> _Task statement_
Leave out the pictures, then return the records word for word.

BEGIN

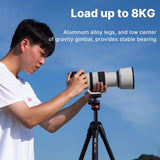 Ulanzi Ombra Travel Tripod – Lightweight & Stable for Creators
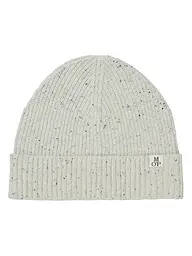 MARC O'POLO | Mütze - Haube  | weiss
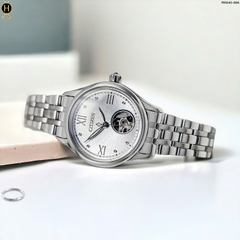 Đồng Hồ Nữ Citizen Automatic 28.5mm Open Heart PR1040-88A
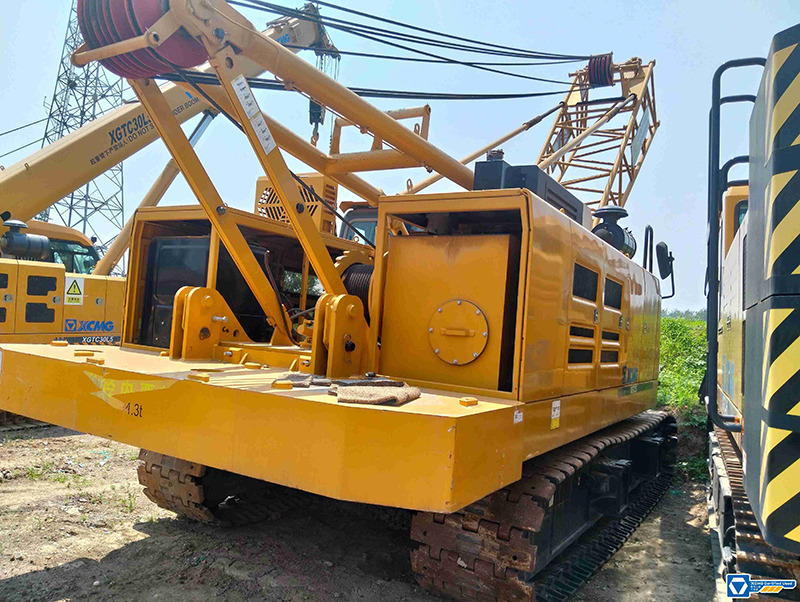 XCMG XGC55 55ton 2023 used crawler crane with good condition - Beltegående kran: bilde 2 XCMG XGC55 55ton 2023 used crawler crane with good condition - Beltegående kran: bilde 2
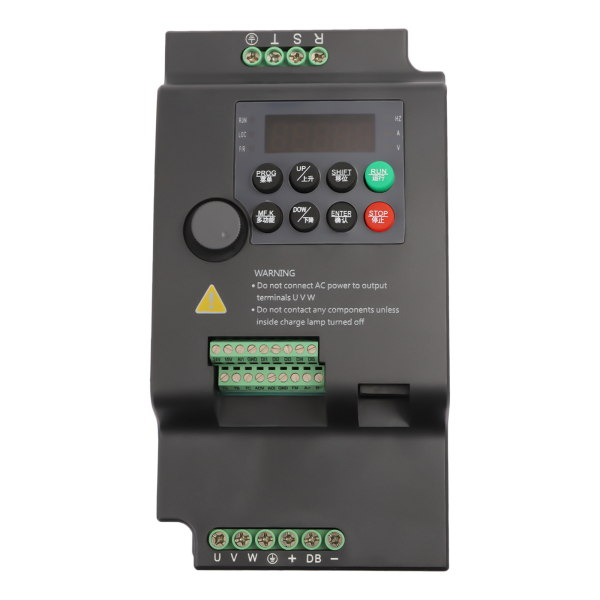 Frequency Converter 5.5kw 380v General Motor Three Phase Input/output Vfda Frequency Converter For Motors Drilling Machines Pumps Fans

END

> _Task output_
 Ulanzi Ombra Travel Tripod – Lightweight & Stable for Creators
 MARC O'POLO | Mütze - Haube  | weiss
 Đồng Hồ Nữ Citizen Automatic 28.5mm Open Heart PR1040-88A
 XCMG XGC55 55ton 2023 used crawler crane with good condition - Beltegående kran: bilde 2 XCMG XGC55 55ton 2023 used crawler crane with good condition - Beltegående kran: bilde 2
 Frequency Converter 5.5kw 380v General Motor Three Phase Input/output Vfda Frequency Converter For Motors Drilling Machines Pumps Fans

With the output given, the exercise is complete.